**WHAT IS BEING ASKED:**
Only the lines from the line that contains "Коды мудрости. Древние" through the final line of the entries below belong in your answer, copied exactly and without pictures.

Records from a dataset:
※

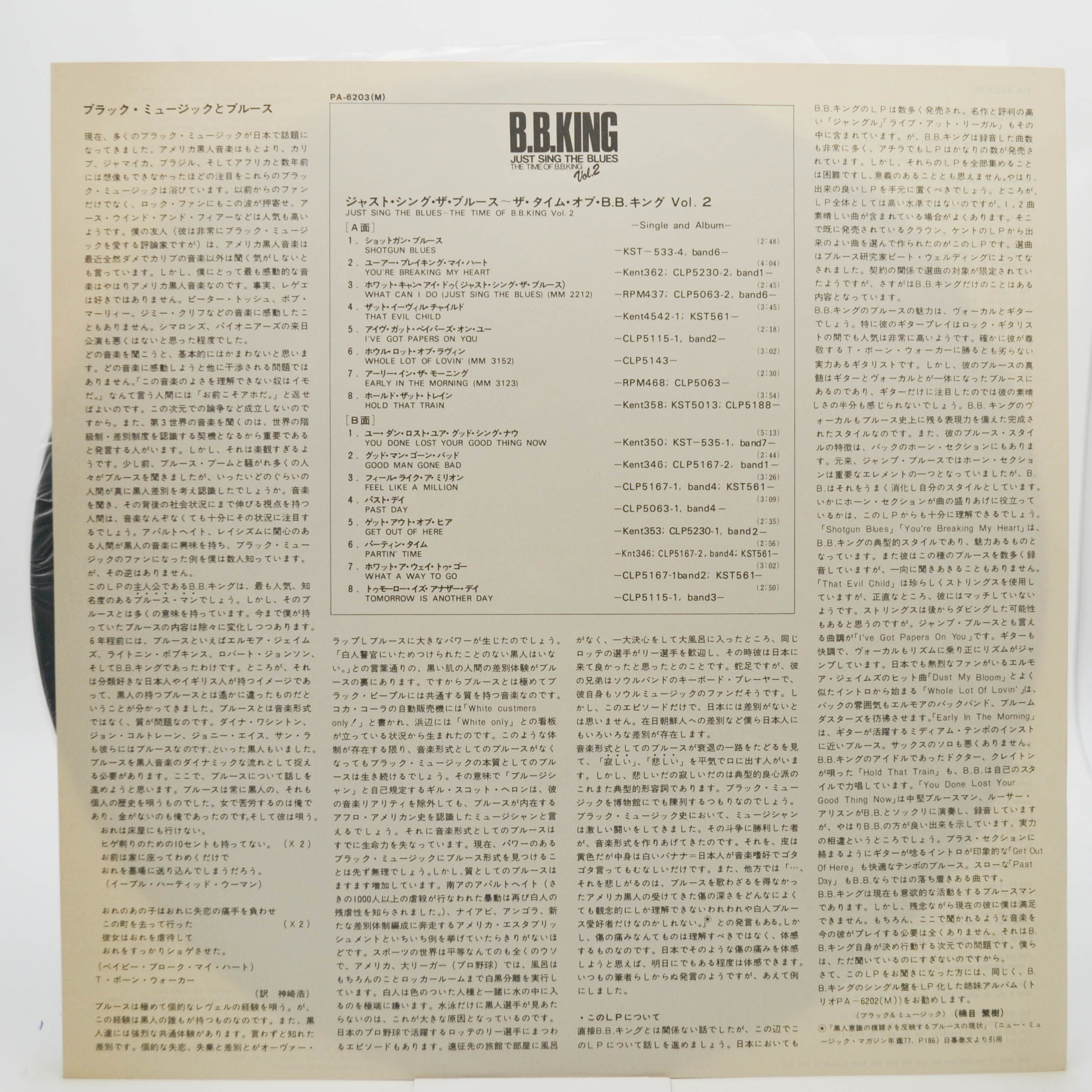 B.B.King — Just Sing The Blues - The Time Of B.B.King Vol.2, 1976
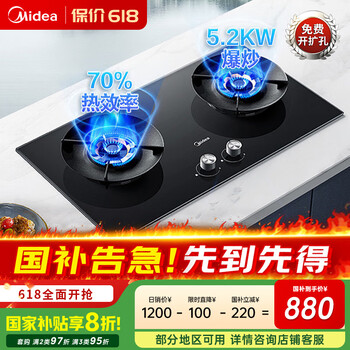 美的 燃气灶天然气  家用5.2kW猛火聚能灶台嵌两用 高能效灶 节能灶 Q529L-M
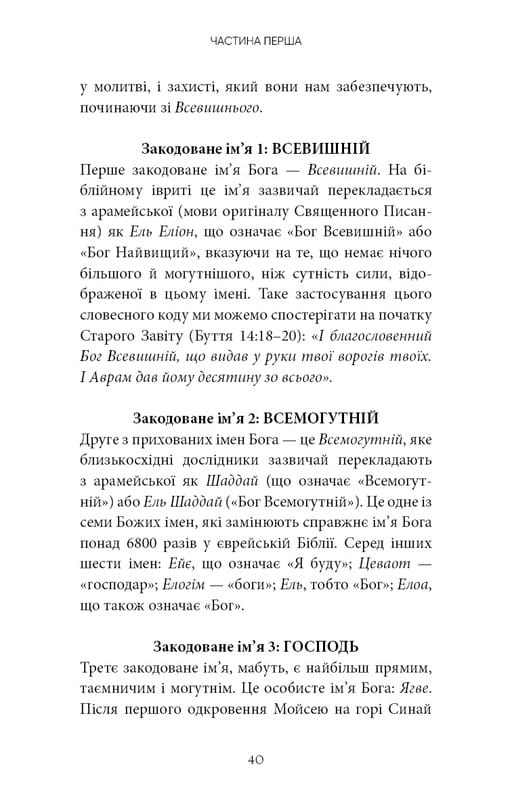 Коды мудрости. Древние слова, которые перепрограммируют мозг и исцелят сердце / Грегг Брейден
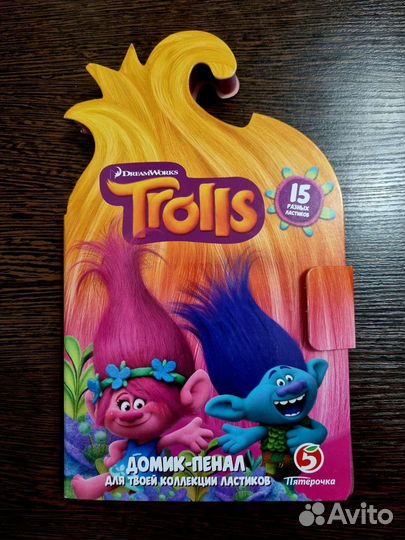 Тролли из Пятерочки вся коллекция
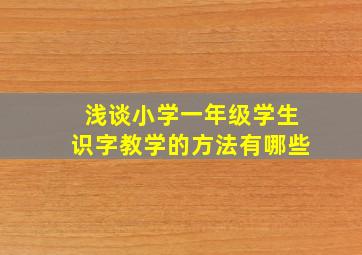 浅谈小学一年级学生识字教学的方法有哪些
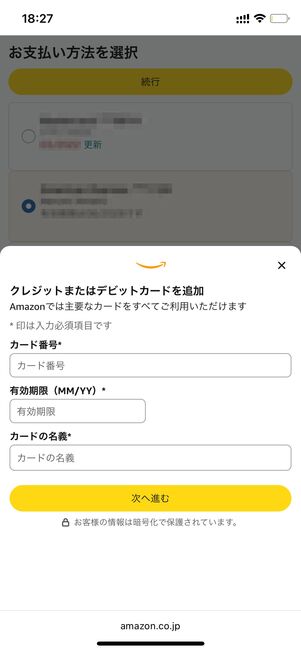 支払い方法を選択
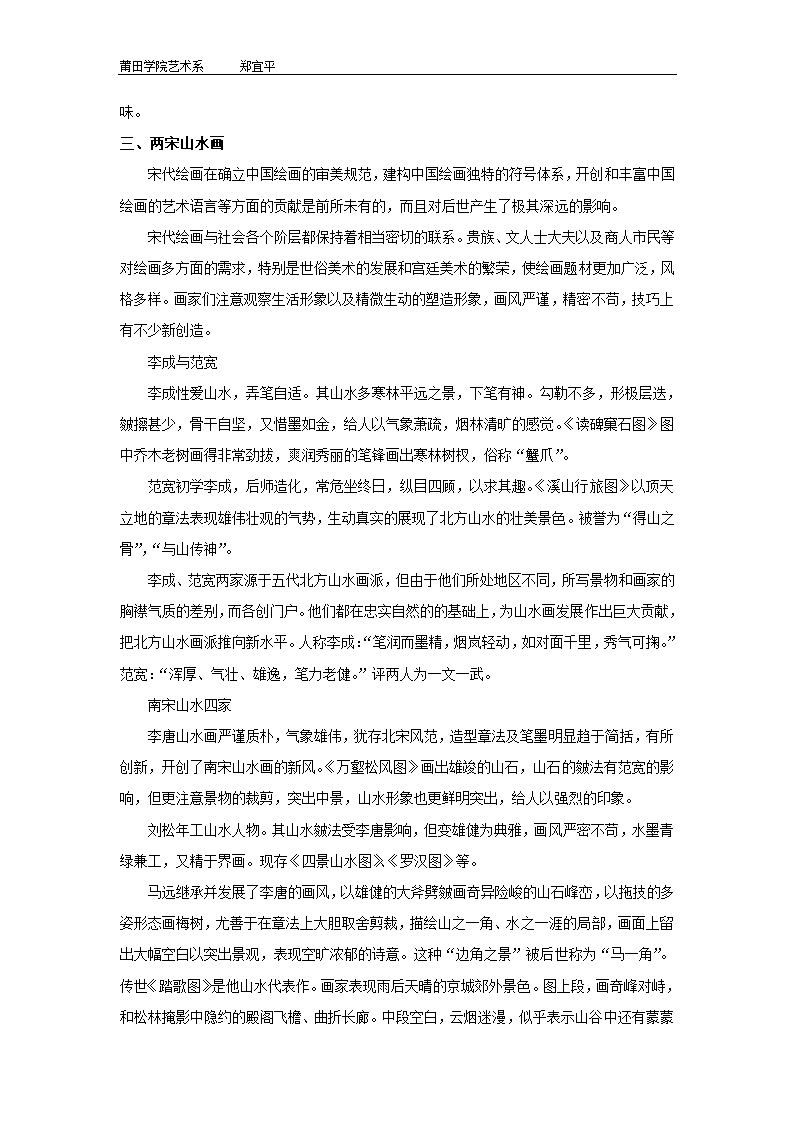 《中国美术欣赏》教案第17页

※

**FINISHED TASK:**
 Коды мудрости. Древние слова, которые перепрограммируют мозг и исцелят сердце / Грегг Брейден
 Тролли из Пятерочки вся коллекция
 浅谈小学一年级学生识字教学的方法有哪些
 支払い方法を選択
 《中国美术欣赏》教案第17页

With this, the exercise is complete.